In order to replace a defective active component by an identical standby component without an objectionable discontinuity in signal transmission, it is essential that the two components by precisely synchronized by receiving recurrent timing signals strictly in step with each other. These timing signals are usually derived from a master clock by frequency division in a step-down circuit such as a pulse counter forming part of a time-base unit. The use of a single time-base unit for the operating and standby components entails the risk that failure of this unit may disable both components controlled by it. This risk is, of course, aggravated when there are more than two components to which timing pulses must be supplied in synchronism, such as a principal component, a standby component and a reserve component adapted to be substituted for one another.
It is, therefore, convenient to duplicate not only the operating component but also the associated time-base unit. However, if one of two such units falls out of step with the other, it may be difficult or impossible to ascertain instantaneously which of these units is keeping correct time.
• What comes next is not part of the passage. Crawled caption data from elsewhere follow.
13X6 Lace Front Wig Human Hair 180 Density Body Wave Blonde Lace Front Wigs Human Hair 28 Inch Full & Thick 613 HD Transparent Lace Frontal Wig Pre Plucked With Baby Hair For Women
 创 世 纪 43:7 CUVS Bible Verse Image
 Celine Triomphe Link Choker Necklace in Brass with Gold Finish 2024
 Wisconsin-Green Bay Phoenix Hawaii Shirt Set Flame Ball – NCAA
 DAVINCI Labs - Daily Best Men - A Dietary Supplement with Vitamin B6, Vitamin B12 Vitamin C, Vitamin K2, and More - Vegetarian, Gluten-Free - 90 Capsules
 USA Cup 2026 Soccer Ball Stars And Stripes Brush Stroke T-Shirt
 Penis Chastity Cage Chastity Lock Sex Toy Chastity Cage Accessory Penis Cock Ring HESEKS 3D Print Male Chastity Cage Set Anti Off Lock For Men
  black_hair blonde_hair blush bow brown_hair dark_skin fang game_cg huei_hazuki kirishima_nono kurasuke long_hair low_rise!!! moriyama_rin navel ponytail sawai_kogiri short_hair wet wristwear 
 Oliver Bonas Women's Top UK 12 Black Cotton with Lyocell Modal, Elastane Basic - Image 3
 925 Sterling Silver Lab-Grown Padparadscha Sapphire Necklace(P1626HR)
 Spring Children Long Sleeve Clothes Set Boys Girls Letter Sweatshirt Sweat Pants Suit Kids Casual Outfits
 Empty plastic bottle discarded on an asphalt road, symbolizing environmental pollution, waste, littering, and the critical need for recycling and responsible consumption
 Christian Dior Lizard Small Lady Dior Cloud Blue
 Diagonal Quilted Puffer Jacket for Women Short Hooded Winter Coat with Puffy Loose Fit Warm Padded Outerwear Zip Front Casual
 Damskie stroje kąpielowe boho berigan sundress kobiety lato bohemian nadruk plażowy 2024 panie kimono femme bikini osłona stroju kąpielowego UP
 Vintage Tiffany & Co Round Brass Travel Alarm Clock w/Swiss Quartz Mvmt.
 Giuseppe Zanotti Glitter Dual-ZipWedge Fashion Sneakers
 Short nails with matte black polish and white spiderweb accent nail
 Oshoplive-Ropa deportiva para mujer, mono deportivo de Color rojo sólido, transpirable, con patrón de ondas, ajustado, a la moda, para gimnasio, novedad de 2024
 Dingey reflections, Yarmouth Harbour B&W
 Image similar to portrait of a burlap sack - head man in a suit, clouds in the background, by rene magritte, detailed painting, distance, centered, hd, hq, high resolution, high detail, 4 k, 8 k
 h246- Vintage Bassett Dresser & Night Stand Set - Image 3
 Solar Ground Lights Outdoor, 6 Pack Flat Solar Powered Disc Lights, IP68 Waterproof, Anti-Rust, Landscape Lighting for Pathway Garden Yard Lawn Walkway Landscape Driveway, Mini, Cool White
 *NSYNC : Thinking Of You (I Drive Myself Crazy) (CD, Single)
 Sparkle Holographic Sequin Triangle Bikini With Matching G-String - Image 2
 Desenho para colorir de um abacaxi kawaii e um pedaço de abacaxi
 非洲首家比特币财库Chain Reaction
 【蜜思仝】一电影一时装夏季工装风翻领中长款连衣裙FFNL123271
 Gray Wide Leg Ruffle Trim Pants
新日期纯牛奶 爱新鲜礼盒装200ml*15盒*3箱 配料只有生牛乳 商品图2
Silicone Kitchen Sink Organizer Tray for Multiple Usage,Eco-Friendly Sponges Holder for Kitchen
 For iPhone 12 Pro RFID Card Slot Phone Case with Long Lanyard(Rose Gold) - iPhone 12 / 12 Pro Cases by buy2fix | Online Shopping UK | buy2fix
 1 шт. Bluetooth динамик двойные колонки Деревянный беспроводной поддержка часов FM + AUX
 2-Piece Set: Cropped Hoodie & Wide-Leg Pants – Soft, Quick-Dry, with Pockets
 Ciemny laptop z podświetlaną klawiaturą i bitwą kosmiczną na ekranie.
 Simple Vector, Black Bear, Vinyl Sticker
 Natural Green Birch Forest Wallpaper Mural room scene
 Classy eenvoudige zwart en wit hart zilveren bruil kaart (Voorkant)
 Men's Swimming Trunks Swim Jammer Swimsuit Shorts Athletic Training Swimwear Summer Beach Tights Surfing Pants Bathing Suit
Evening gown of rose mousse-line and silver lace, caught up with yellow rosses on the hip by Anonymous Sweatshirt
Thus, even with only two controlled components there should be at least three time-base units which are normally synchronized with one another so that loss of synchronism is a single unit will readily reveal itself.
Conventional chronometric systems of this description suffer from a variety of drawbacks, including complex and correspondingly expensive circuitry, limited reliability, lenghty start-up or recovery periods, need for very precise and thus costly signal generators, and lack of exact synchronism between the trains of output pulses generated by the serveral time-base units.
Another problem arising in such a system is the need for an instantaneous switchover from a master oscillator, generating the original clock pulses for all time-base units, and a standby oscillator in the event of failure of the former.